_Raw data_
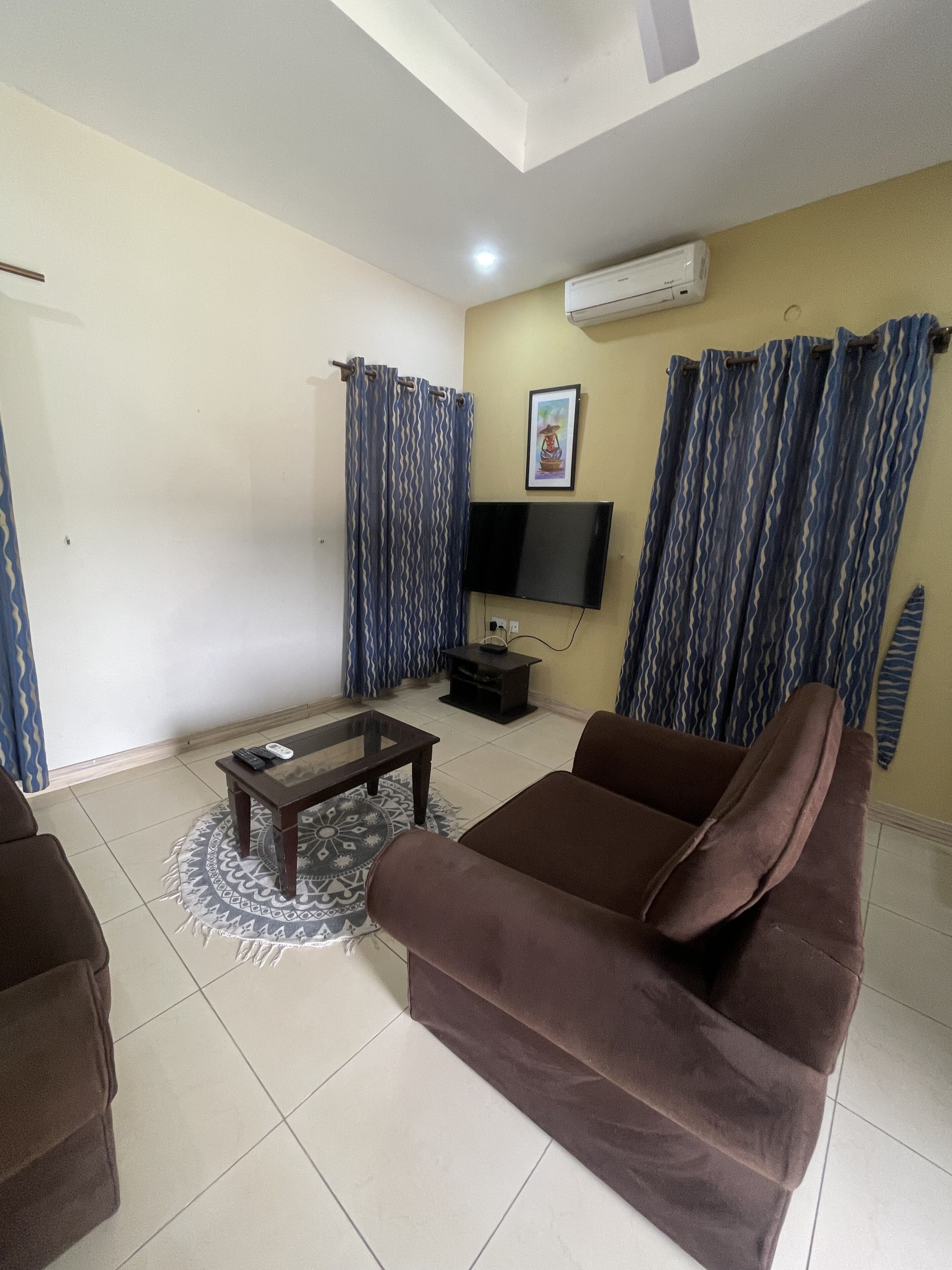 A living room with a brown sofa, a coffee table, a TV, and patterned curtains.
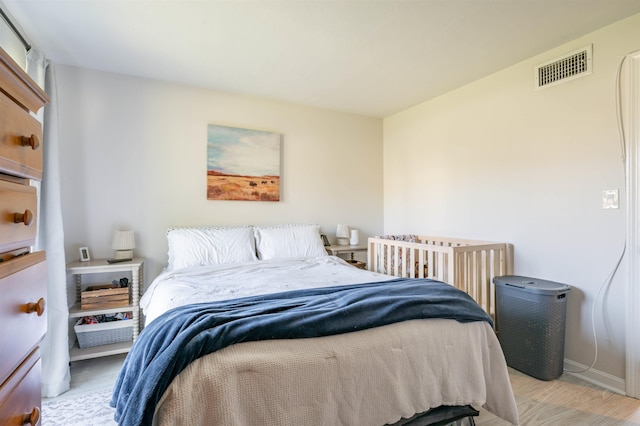 bedroom with baseboards, visible vents, and wood finished floors
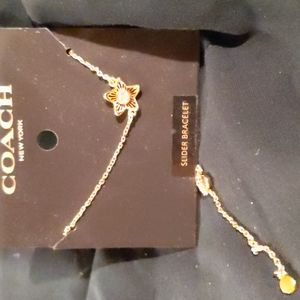 Matching Coach star earrings and slider bracelet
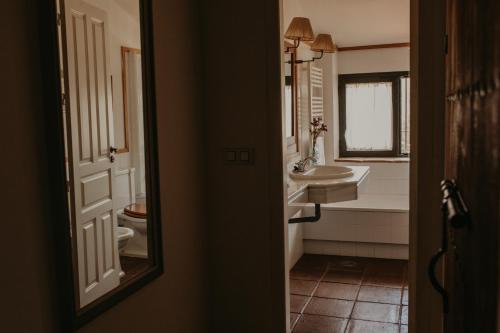 a bathroom with a sink and a toilet and a mirror at Hotel Posada de Valdezufre in Aracena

_Exercise requirements_
Reproduce the preceding material exactly, skipping pictures.

_Completed task_
 A living room with a brown sofa, a coffee table, a TV, and patterned curtains.
 bedroom with baseboards, visible vents, and wood finished floors
 Matching Coach star earrings and slider bracelet
 a bathroom with a sink and a toilet and a mirror at Hotel Posada de Valdezufre in Aracena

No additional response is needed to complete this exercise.